Steve Cram, chairman of the Board of Selectmen, recommended holding the annual town meeting in June this year and in future years.
“Unless things change drastically in Augusta and we get back to where we have figures early, we will probably stay with a middle of June town meeting,” he said.
Cram said he would like to be able to present an estimated tax rate at the meeting, but without a proposed school budget, he said it would be difficult to do.
Selectmen have prepared a proposed town budget, but school officials have have had to delay school budget deliberations because of the uncertainty about state funding levels.
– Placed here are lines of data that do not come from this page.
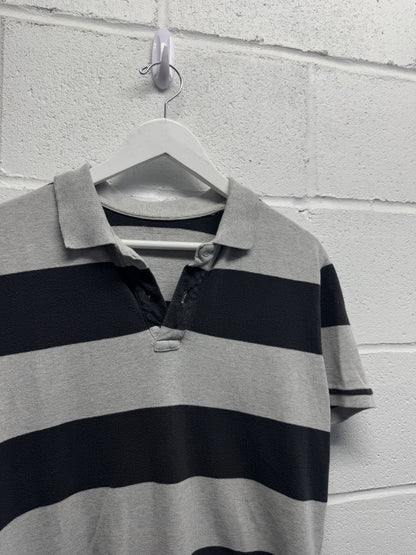 Y2K Striped Shirt [L]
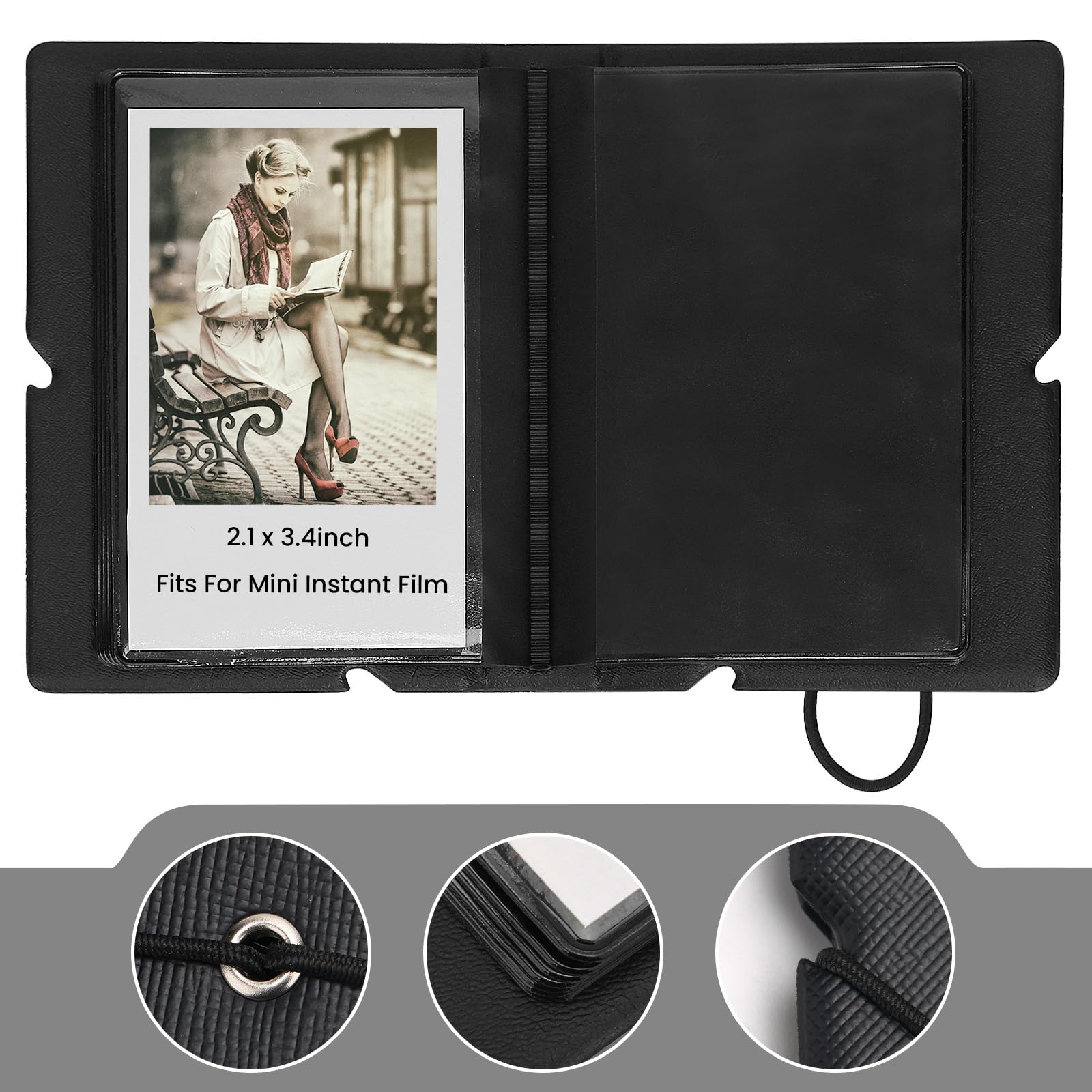 Lifting 2 Pack Mini Photo Album With 28 Pocket 2X3 Inch Pictures Fits For Fujifilm Instax Mini 7S 8 9 11 25 26 40 50S 90 Evo Z23
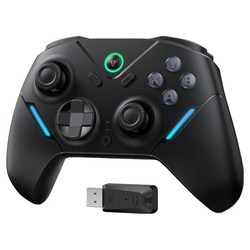 JAMJAKE 무선 게임패드 JXPro 컨트롤러 홀센서 PC 스위치 모바일 호환 저지연 조이스틱, 1개, JXPro-블랙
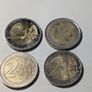4 x Collectable 2 Euro coins. Image 6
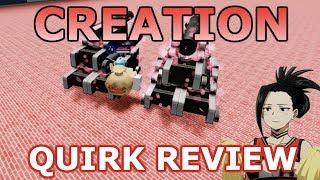 *NEW* Creation Quirk Review | Boku No Roblox: Remastered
Noting selectmen were making efforts to work with school officials, Cram said, “If we are talking good will, I don’t see why we can not be flexible,” he said.
Reacting to the postponement of the town meeting, School Superintendent Thomas Jarvis said, “That is good news. It allows us the opportunity to let the Legislature do what they need to do … to provide the information for us to prepare a budget.”
About 88 percent of Medway’s school budget comes from the state. The current 1992-93 school budget is $2.5 million. More than $1.8 million of it is funded by state subsidy, Jarvis said.
For Medway, state funding could be cut from $163,000 to $390,000.
Jarvis said, “There is no way I can put together a budget based on that large a spread. There are too many `ifs.’ If we get $390,000 less in subsidy, we are going to have major impacts on programming and personnel as opposed to a $163,000 cut, where we could work within those means, although it would not be easy. You would be making decisions without facts. You can play `what if’ only so far. When you are making decisions of that magnitude, it is very difficult to play `what if.”‘
Jarvis said that there were four school funding plans currently before the Legislature. Under a plan proposed by the Governor’s Task Force, he said Medway would receive about $1.4 million in state subsidy, or a reduction of about $382,000. In the plan the Education Committee recommended to the Appropriations Committee, Medway would receive about $1.6 million in subsidy, or about $163,000 less, he said.
Another plan presented but not recommended by the Education Committee to the Appropriations Committee would provide about $1.4 million for Medway, a reduction of about $390,000. In a plan to be presented by the Maine Superintendents’ Association, Jarvis said Medway would receive a state subsidy of about $1.7 million, or about $167,000 less than before.